== Required work ==
Print exactly the lines that run from the first line of the material to the line containing "Fixtures NEXT 3D model_1", both ends included, and skip the pictures.

== Records shown ==
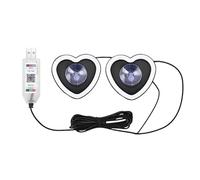 Car Led Ambient Lighting - 256 Colors Fantasy Suction Cup USB Charging Lighting, Car Interior Lights For Family Friends Enthusiast Driving Automotive Home Party Celebration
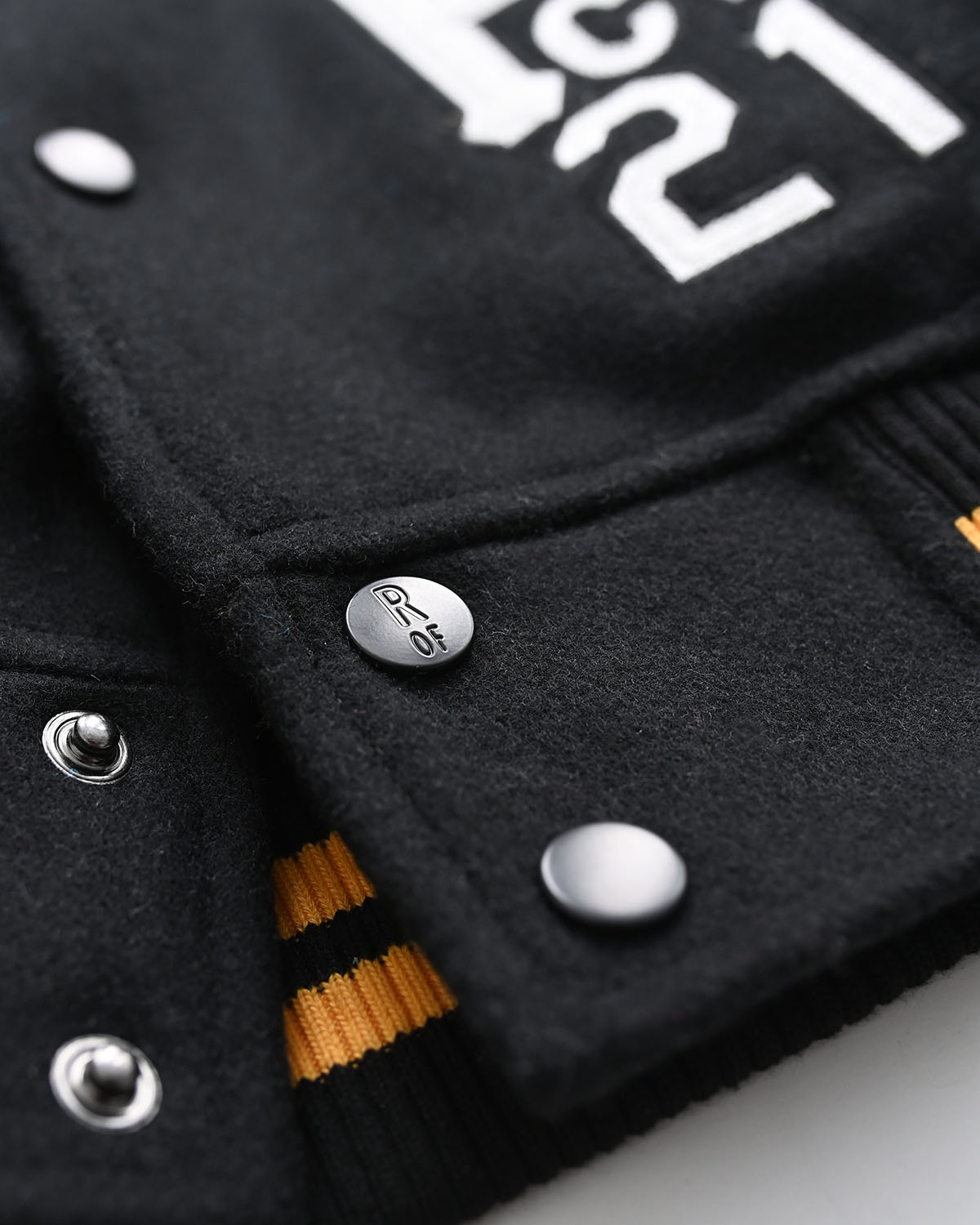 Roberto Clemente #21 Melton Jacket - Roots of Fight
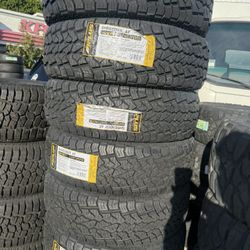 Vendo 265/70/r17 Nuevas Apluss Alterrain Las 4 Por $500 🚀🇺🇸☎️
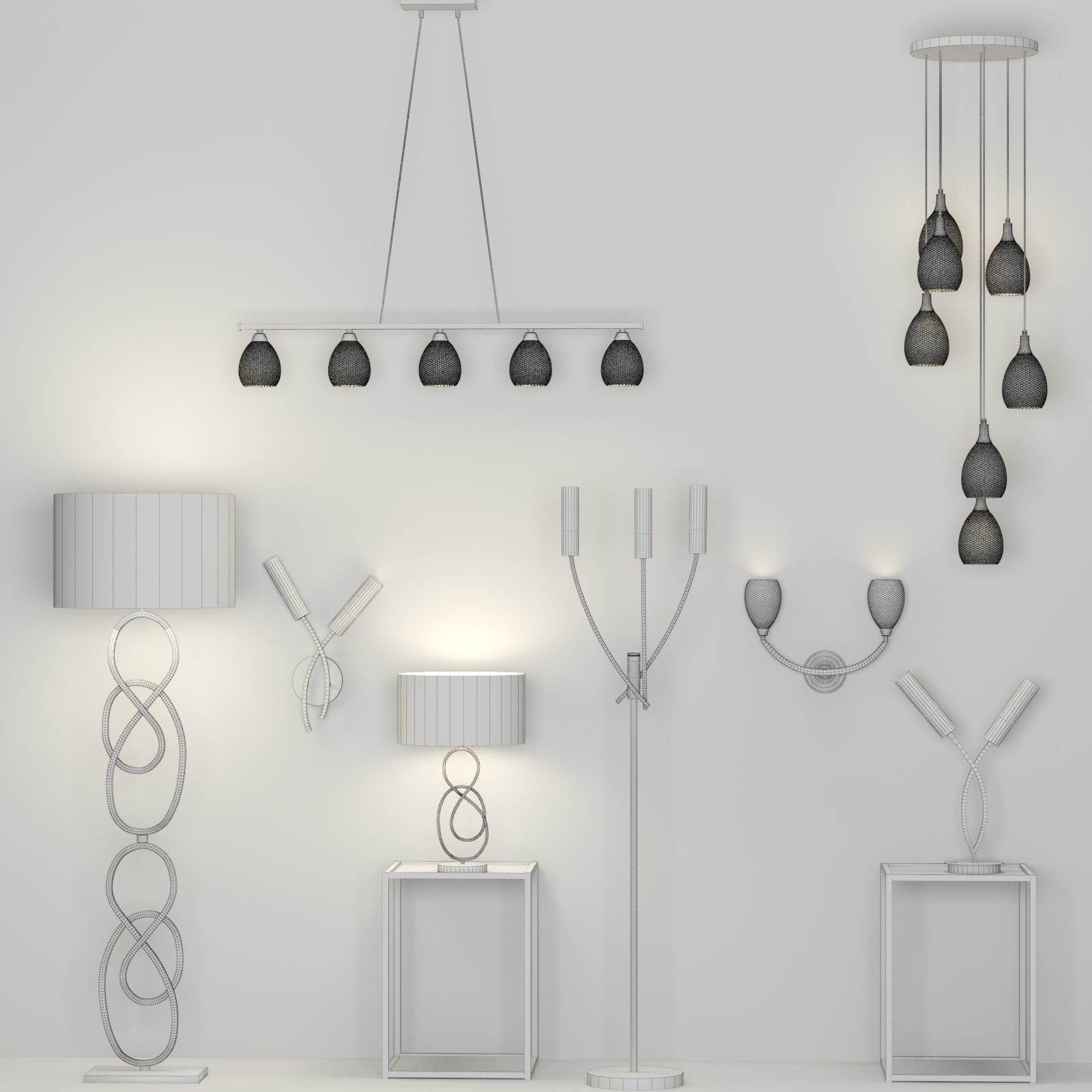 Fixtures NEXT 3D model_1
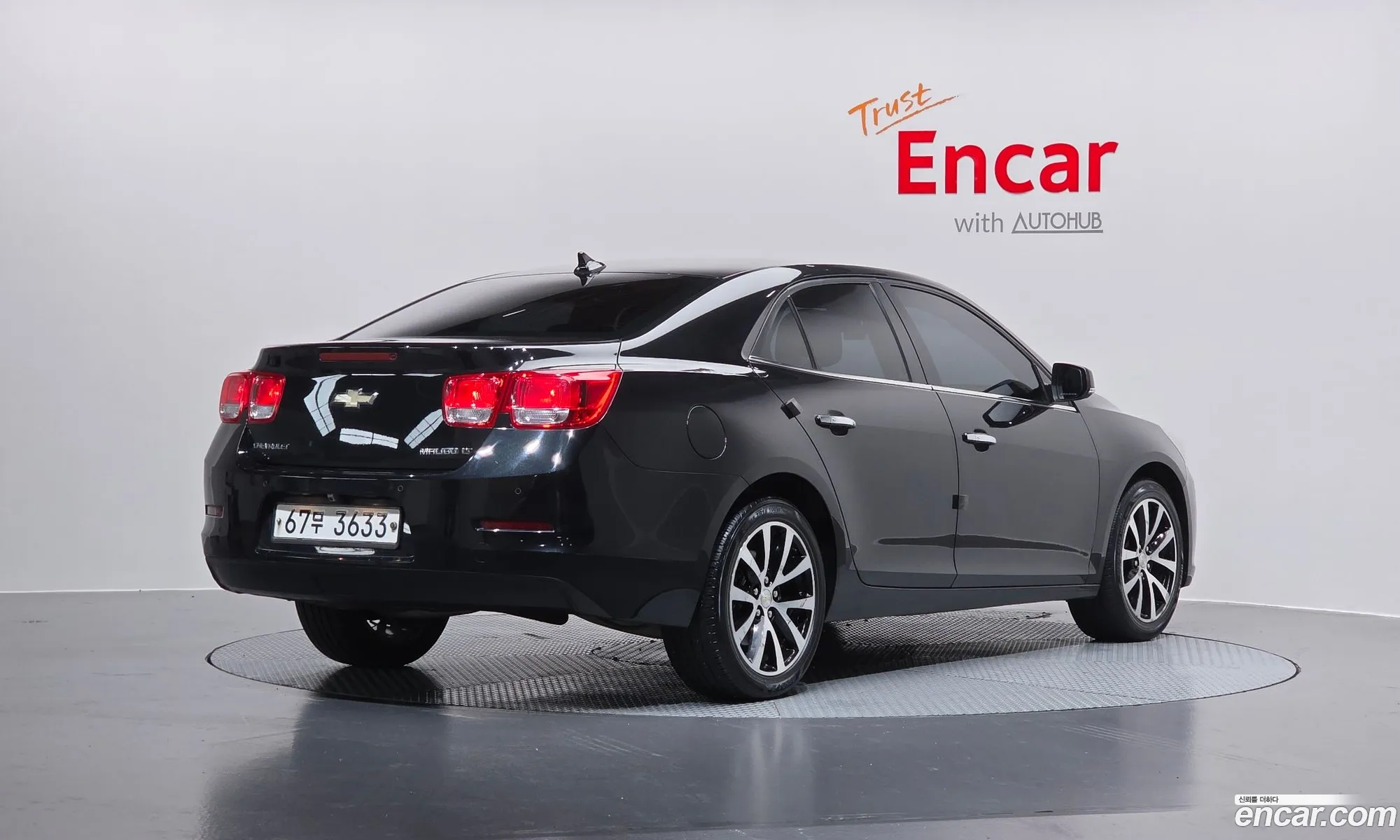 Chevrolet (GM Daewoo) Malibu 2015 — 13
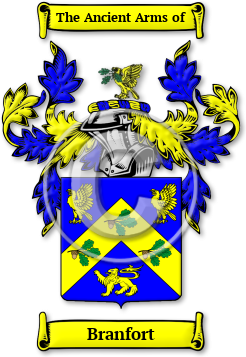 Branfort Family Crest Download (JPG) Legacy Series - 600 DPI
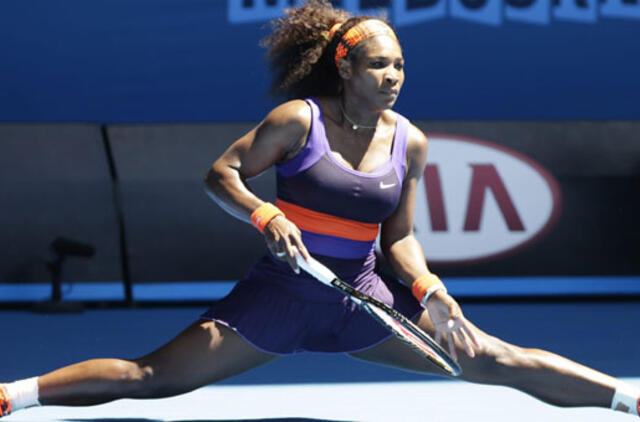 Amerikietė Serena Viljams pralaimėjo "Australian Open" ketvirtfinalyje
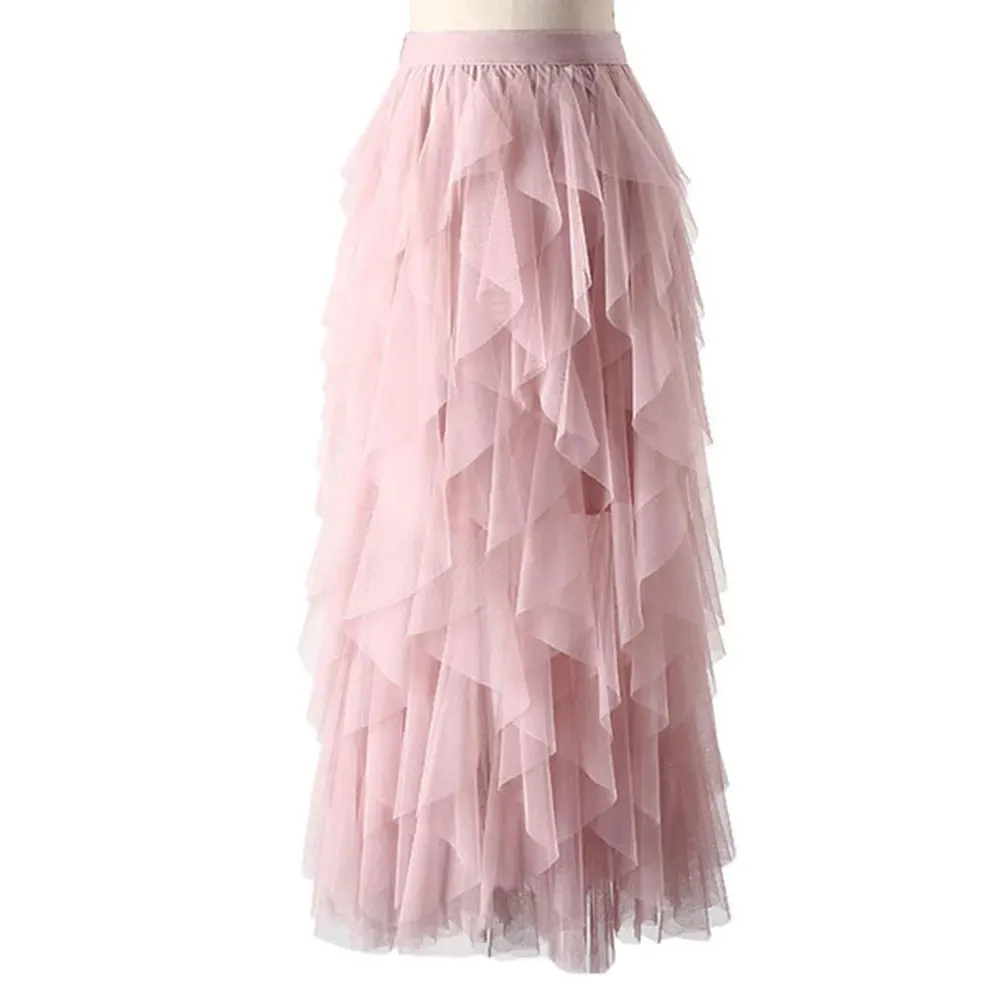 Premium Clothing High Quality Skirts In Cheap Wholesale Price Best Skirts Clothing Wholesale Dress Lace Oem Mesh Skirt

== Response to this exercise ==
 Car Led Ambient Lighting - 256 Colors Fantasy Suction Cup USB Charging Lighting, Car Interior Lights For Family Friends Enthusiast Driving Automotive Home Party Celebration
 Roberto Clemente #21 Melton Jacket - Roots of Fight
 Vendo 265/70/r17 Nuevas Apluss Alterrain Las 4 Por $500 🚀🇺🇸☎️
 Fixtures NEXT 3D model_1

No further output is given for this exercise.